Question

link

Given a collection of intervals, merge all overlapping intervals.

For example,
Given [1,3],[2,6],[8,10],[15,18],
return [1,6],[8,10],[15,18].

Stats

Frequency 5
Difficulty 4
Adjusted Difficulty 4
Time to use ----------

Ratings/Color = 1(white) 2(lime) 3(yellow) 4/5(red)

Solution

The idea of the solution is not difficult. First, sort the entire collection list by start time. Secondly, merge it.

The real difficult part is how to sort the collection.

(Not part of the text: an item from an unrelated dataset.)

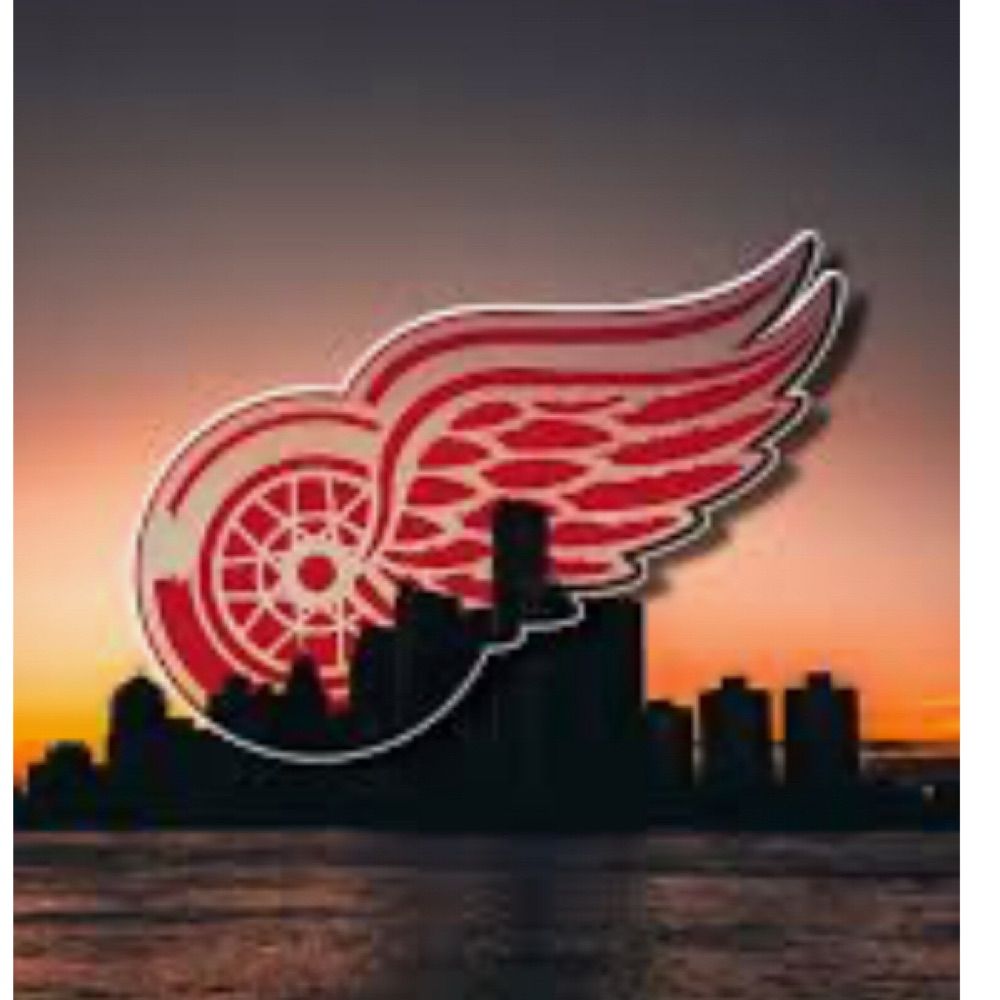 Red Wings Chalk Talk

We can of course do insertion sort, or binary insertion sort. However, from this article:

The straight insertion algorithm presented in the preceding section does a linear search to find the position in which to do the insertion. However, since the element is inserted into a sequence that is already sorted, we can use a binary search instead of a linear search. Whereas a linear search requires O(n) comparisons in the worst case, a binary search only requires O(logn) comparisons. Therefore, if the cost of a comparison is significant, the binary search may be preferred.

And from wikipedia:

If the cost of comparisons exceeds the cost of swaps, as is the case for example with string keys stored by reference or with human interaction (such as choosing one of a pair displayed side-by-side), then using binary insertion sort may yield better performance. Binary insertion sort employs a binary search to determine the correct location to insert new elements, and therefore performs ⌈log2(n)⌉ comparisons in the worst case, which is O(n log n). The algorithm as a whole still has a running time of O(n^2) on average because of the series of swaps required for each insertion.

So insertion sort algorithm may not be the best choice for us!

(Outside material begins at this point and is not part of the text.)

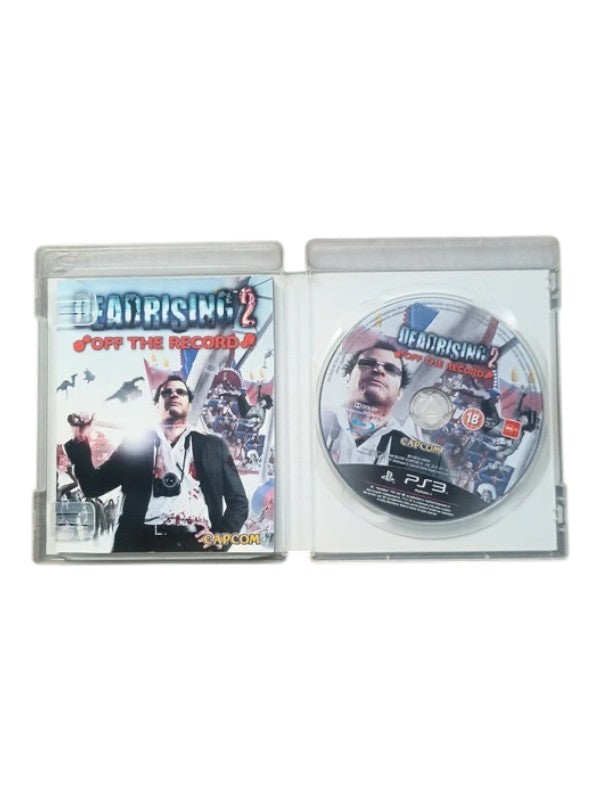 Dead Rising 2 OFF The Record Playstation 3 (PS3)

A more popular solution is using Collection.sort function.

java.util.Collections

public static void sort(List list, Comparator<? super T> c)

Parameters: c

The comparator to determine the order of the list. A null value indicates that the elements’ natural ordering should be used.

A new class that implements the Comparator interface is created, and inside there is compare(Interval, Interval) method. Here is one example of such solution.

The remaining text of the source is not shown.